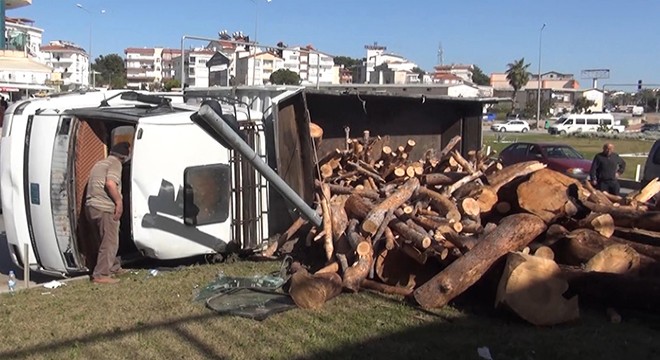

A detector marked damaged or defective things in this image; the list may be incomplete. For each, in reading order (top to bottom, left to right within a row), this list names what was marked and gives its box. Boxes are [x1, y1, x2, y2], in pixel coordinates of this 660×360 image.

overturned truck [0, 86, 496, 278]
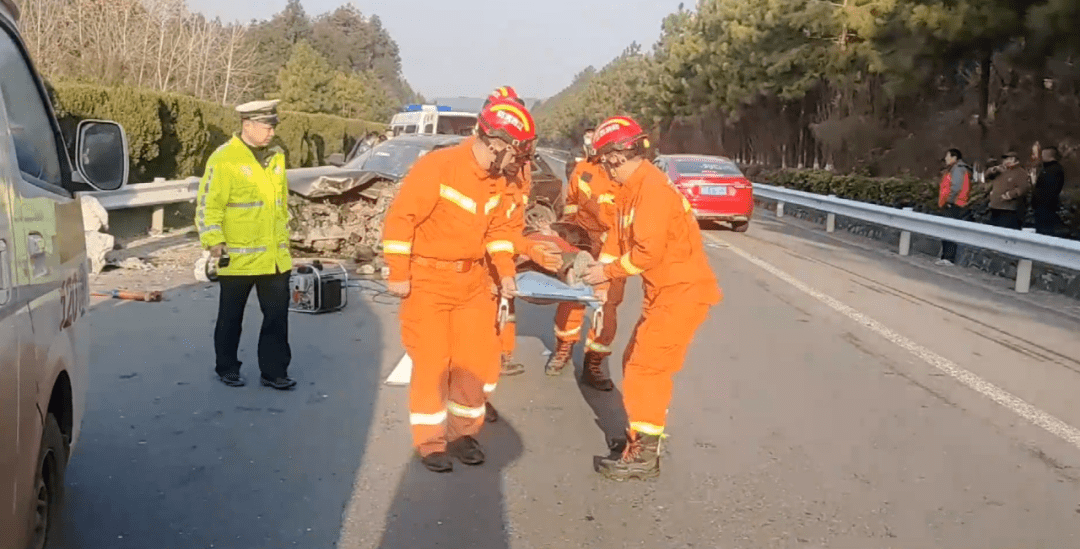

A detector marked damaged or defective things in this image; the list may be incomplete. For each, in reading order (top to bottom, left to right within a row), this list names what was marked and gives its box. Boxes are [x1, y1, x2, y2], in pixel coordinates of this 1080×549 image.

crashed vehicle [286, 135, 572, 274]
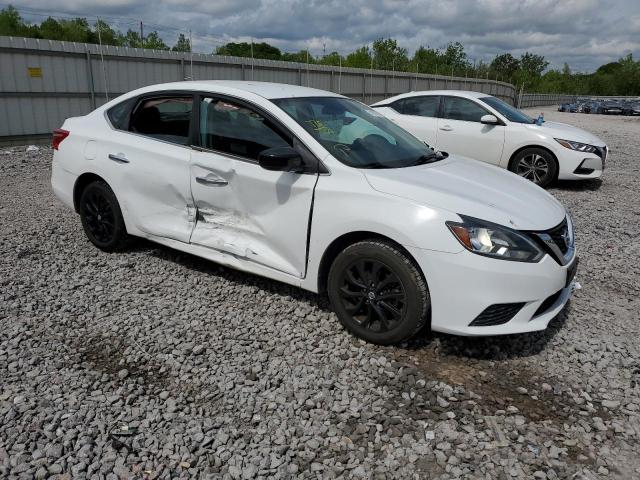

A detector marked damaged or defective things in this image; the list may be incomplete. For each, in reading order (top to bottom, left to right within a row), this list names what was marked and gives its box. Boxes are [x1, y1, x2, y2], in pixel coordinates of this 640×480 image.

dented door panel [189, 150, 316, 278]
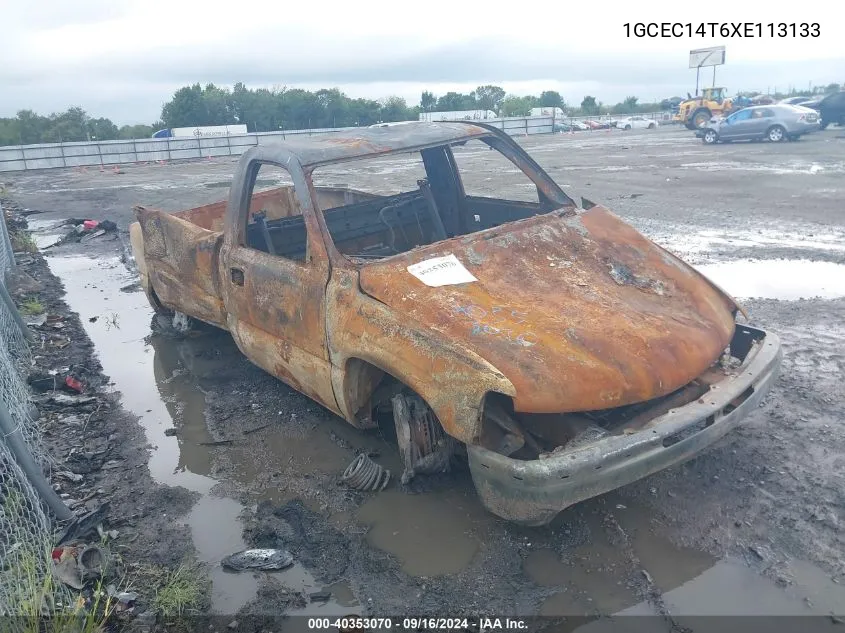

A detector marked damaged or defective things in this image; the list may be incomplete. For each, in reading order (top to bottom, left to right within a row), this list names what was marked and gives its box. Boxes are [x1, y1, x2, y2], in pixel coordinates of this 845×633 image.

heavy rust [127, 119, 780, 524]
burned pickup truck [129, 122, 780, 524]
corroded bumper [464, 324, 780, 524]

=== PROBLEM DETAILS ===
Your task is to restate, word for word, the line with "this 845×633 image." and all lines after it, ending with the last line of the data.

=== RESPONSE TO THE TASK ===
A detector marked damaged or defective things in this image; the list may be incomplete. For each, in reading order (top to bottom, left to right within a row), this list names what was marked and gives its box. Boxes are [x1, y1, x2, y2], in pixel coordinates of this 845×633 image.

heavy rust [127, 119, 780, 524]
burned pickup truck [129, 122, 780, 524]
corroded bumper [464, 324, 780, 524]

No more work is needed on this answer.